Task description: Copy the records exactly, leaving out every picture.

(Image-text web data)
■ ■ ■ ■ ■ ■ ■
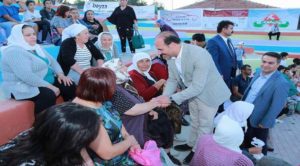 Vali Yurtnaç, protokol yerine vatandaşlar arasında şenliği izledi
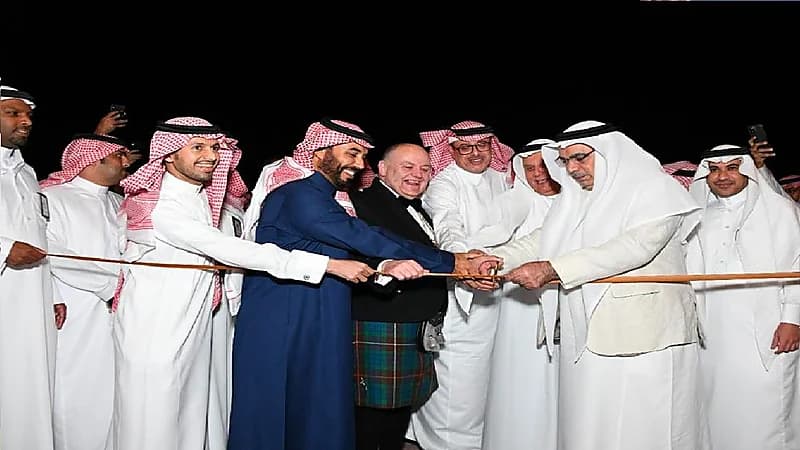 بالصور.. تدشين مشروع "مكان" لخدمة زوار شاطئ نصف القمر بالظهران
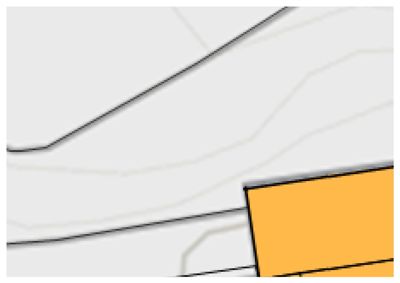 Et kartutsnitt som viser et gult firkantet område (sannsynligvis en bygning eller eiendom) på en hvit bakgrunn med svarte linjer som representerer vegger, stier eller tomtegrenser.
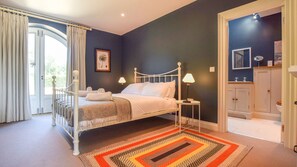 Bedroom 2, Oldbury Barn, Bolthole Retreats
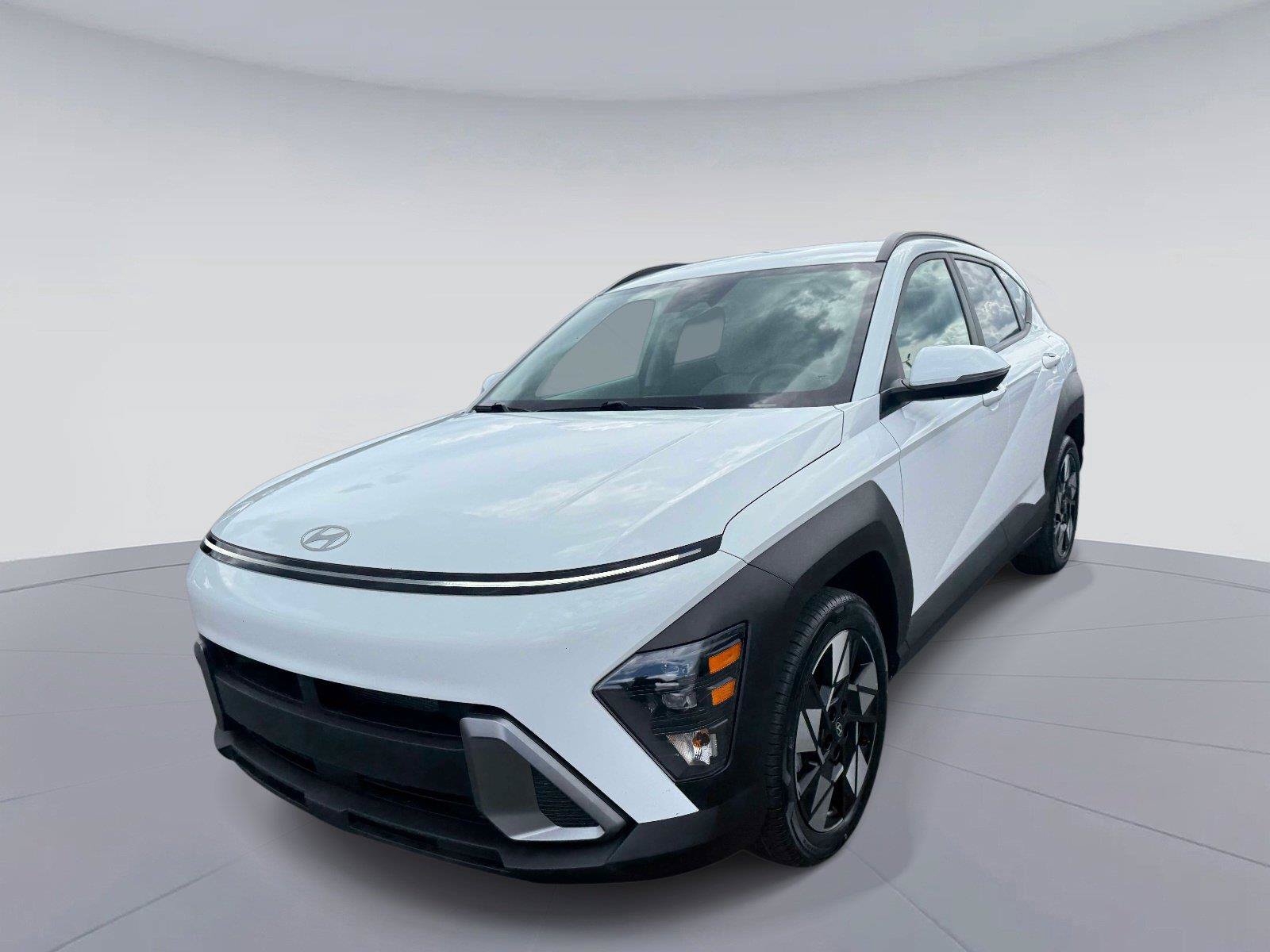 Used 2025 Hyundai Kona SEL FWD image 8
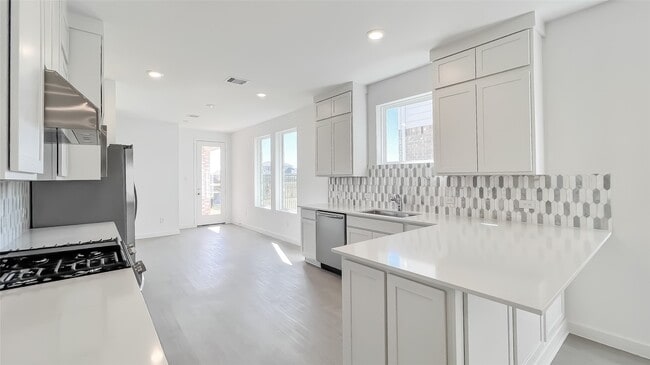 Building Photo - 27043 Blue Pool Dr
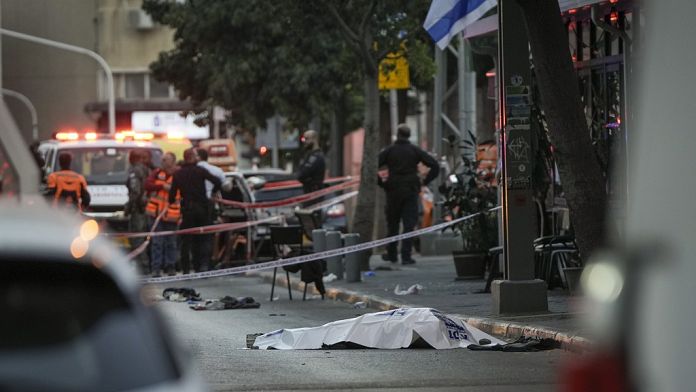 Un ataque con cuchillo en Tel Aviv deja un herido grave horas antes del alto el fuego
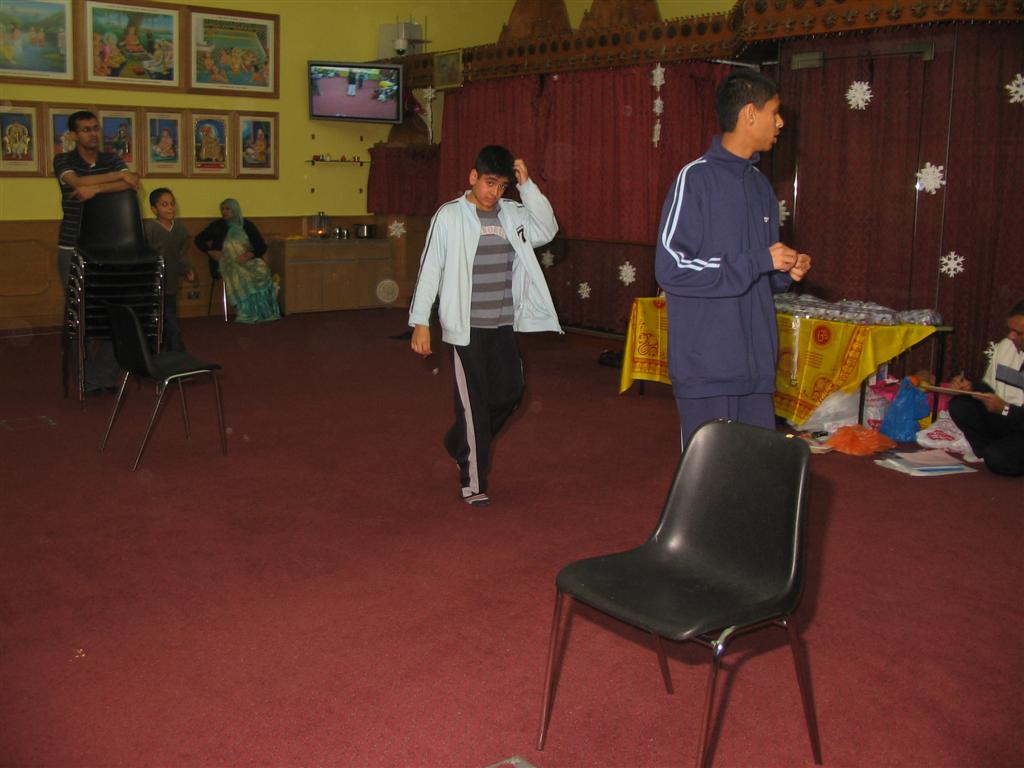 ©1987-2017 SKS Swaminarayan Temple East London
■ ■ ■ ■ ■ ■ ■
Answer section:
 Vali Yurtnaç, protokol yerine vatandaşlar arasında şenliği izledi
 بالصور.. تدشين مشروع "مكان" لخدمة زوار شاطئ نصف القمر بالظهران
 Et kartutsnitt som viser et gult firkantet område (sannsynligvis en bygning eller eiendom) på en hvit bakgrunn med svarte linjer som representerer vegger, stier eller tomtegrenser.
 Bedroom 2, Oldbury Barn, Bolthole Retreats
 Used 2025 Hyundai Kona SEL FWD image 8
 Building Photo - 27043 Blue Pool Dr
 Un ataque con cuchillo en Tel Aviv deja un herido grave horas antes del alto el fuego
 ©1987-2017 SKS Swaminarayan Temple East London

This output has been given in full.